Occasionally, looking at signals with the timing analyzer does not uncover the cause of the problem. If you have an overdrive problem, the timing analyzer might not detect it. Perhaps you do see that one of the data bits is low when it should be high, or that a control signal has a glitch. But you still don't know the cause of the problem. To understand the cause of these parametric types of problems, you can use a scope to look at the analog domain.

In this case, every time we see a glitch on Data\_1, Signal\_1 is transitioning from high to low.



Analyzing the analog properties of your digital signals helps you uncover problems such as inadequate voltage swings, cross-talk, and ground bounce.

When the non-block character occurs, the offending signal is being pulled from a high to low when another signal goes from high to low. Cross domain measurement techniques identify energy being crosscoupled between two traces that are routed too closely together.



From these two examples you've learned how to use cross domain analysis to get to the root cause of the problem.

- Use the symptom of the problem as the main triggering event
- Use other measurement domains to isolate the area causing the symptom
- Use additional measurement domains to identify root cause



Capturing complex failures often requires state analysis to show how it happened, timing analysis to show when it happened and oscilloscope analysis to show why it happened.

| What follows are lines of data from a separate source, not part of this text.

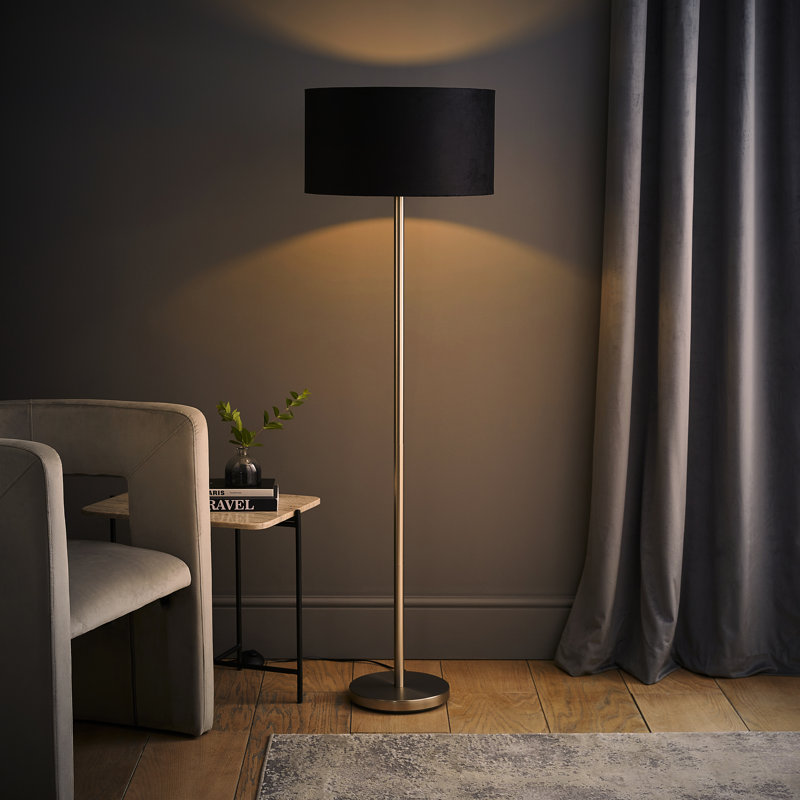Pearletta Traditional Floor Lamp Set, Yes, Chrome, Black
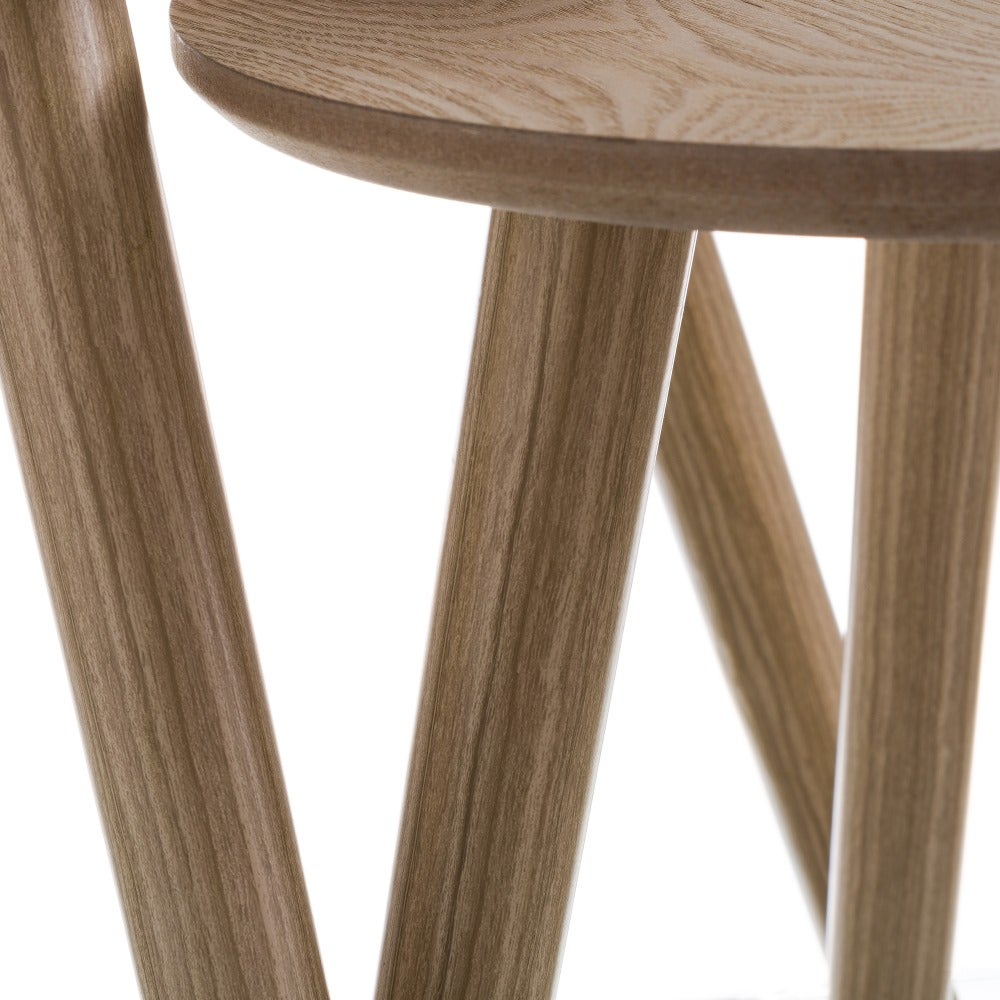 Ensemble de 2 tables rondes de nidification en MDF dans un ton naturel CasaSelección - 6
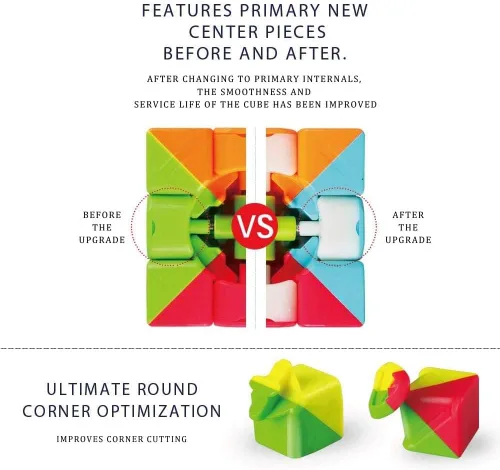 Vista 2 de Cubo de velocidad QY Toys Warrior W 3x3 - Cubo mágico sin calcomanías 3x3x3, juguetes de rompecabezas (56mm), el juguete más educativo para mejorar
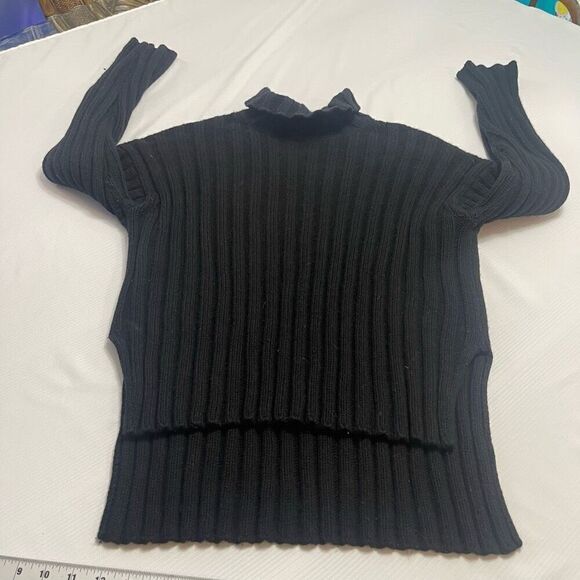 Everlane Black Ribbed Wool Cashmere Sweater Size Small - Picture 6 of 10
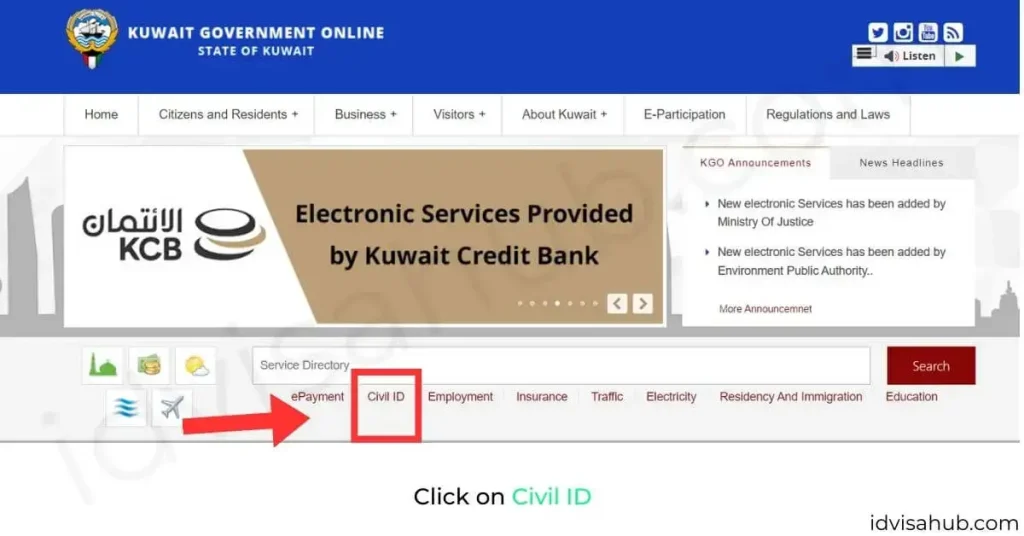 Click on Civil ID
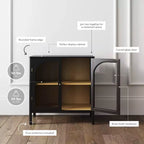 Nathan James Mason Armoire de rangement en bois et verre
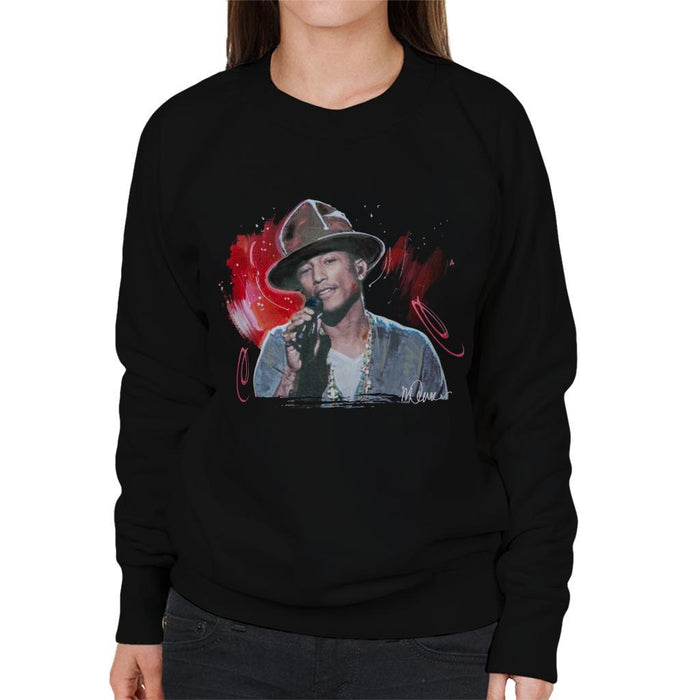 Sidney Maurer Original Portrait Of Pharrel Williams Live Womens Sweatshirt - Womens Sweatshirt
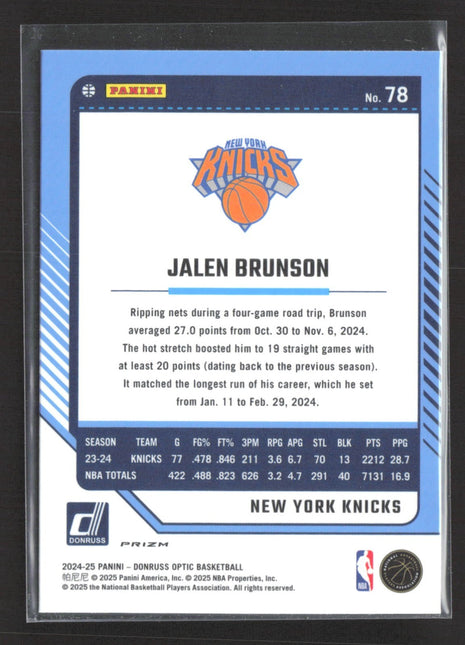 2024-25 Panini Optic Jazz Jalen Brunson #78 ssp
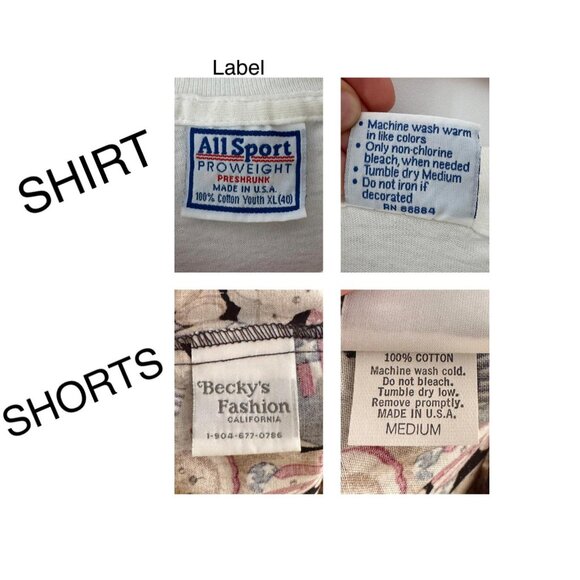 90s vintage teddy bear print USA patriotic tshirt mini shorts matching coord set - Picture 9 of 9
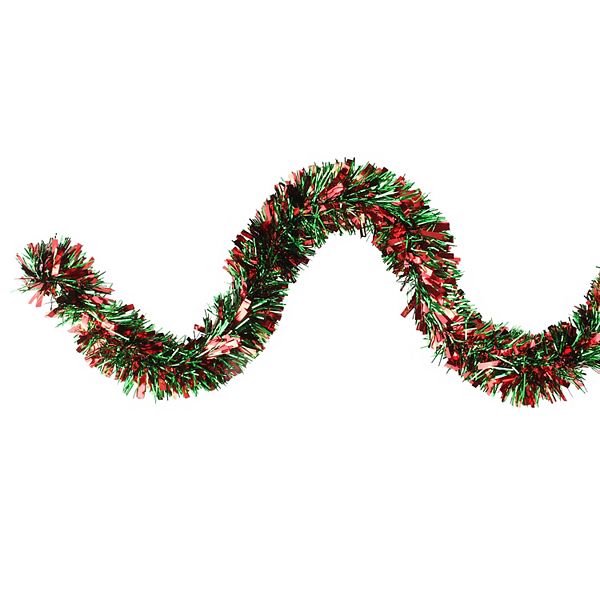 Northlight Red & Green Wide Cut Christmas Tinsel Garland Northlight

To determine your test equipment needs, consider the following with regard to your target and application:

- What measurements are you trying to make?
- How many signals will you be analyzing?
- How much memory do you need?
- What speed requirements do you have?
- Have you planned how to probe your system?
- What processors and buses are you using?
- Do you need to control the processor?



We hope this presentation has helped you gain a better understanding of digital hardware debug techniques.